» Prompt: Make an exact copy of the lines from the one containing "13 Must-Have FREE Mac Apps for 2025" through the end of the records below, and leave out every picture.

BEGIN Records for this exercise

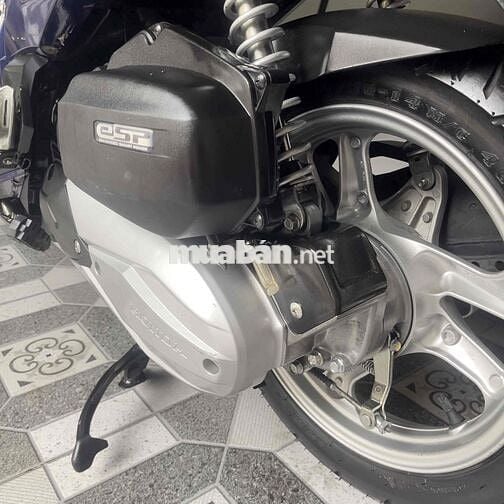 AB 2019 Smartkey xe cọp, 20k(bao), bstp chính chủ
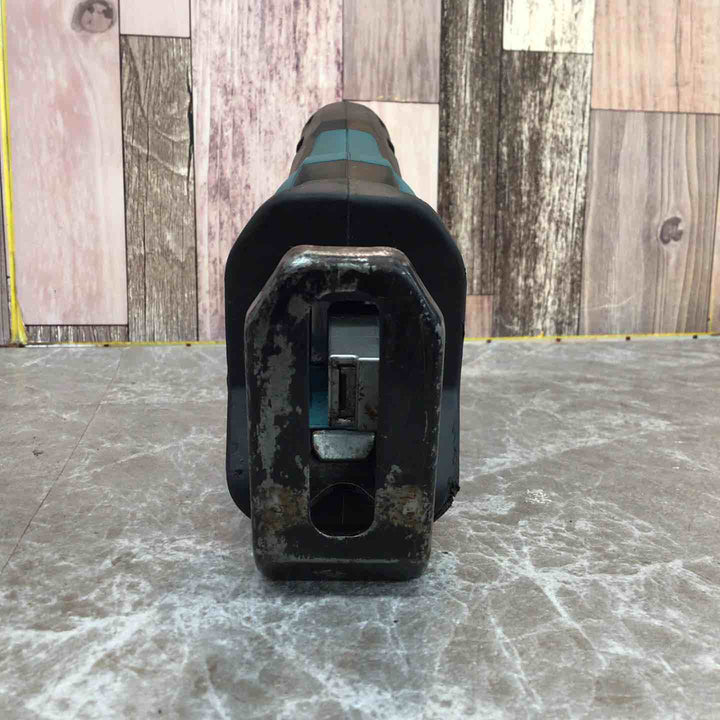 ★マキタ(makita) コードレスレシプロソー JR184DZ【八潮店】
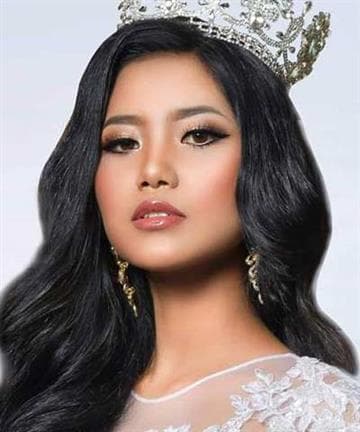 Mary Htang Htang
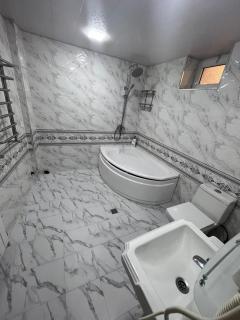 Nippon Guest House - Samarcande - 5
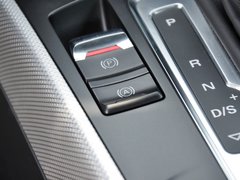 奥迪A5 2013款 2.0T Coupe 40TFSI
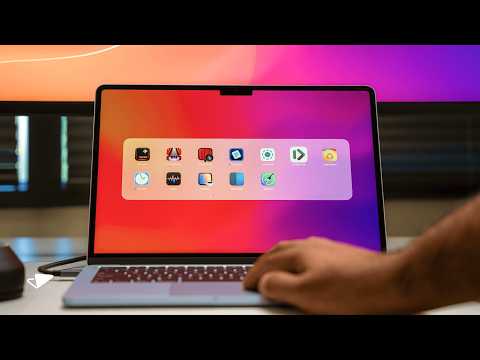 13 Must-Have FREE Mac Apps for 2025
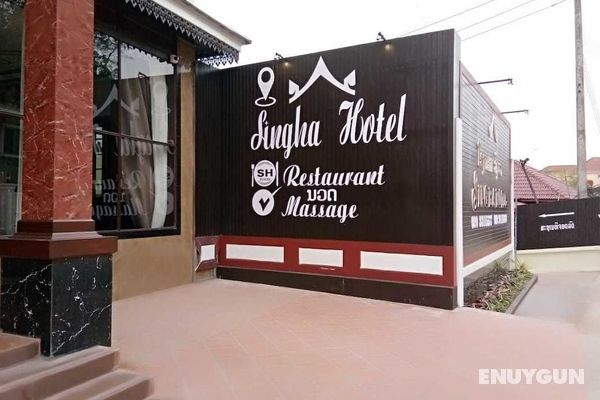 Singha Hotel Öne Çıkan Resim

END Records for this exercise

» Finished task:
 13 Must-Have FREE Mac Apps for 2025
 Singha Hotel Öne Çıkan Resim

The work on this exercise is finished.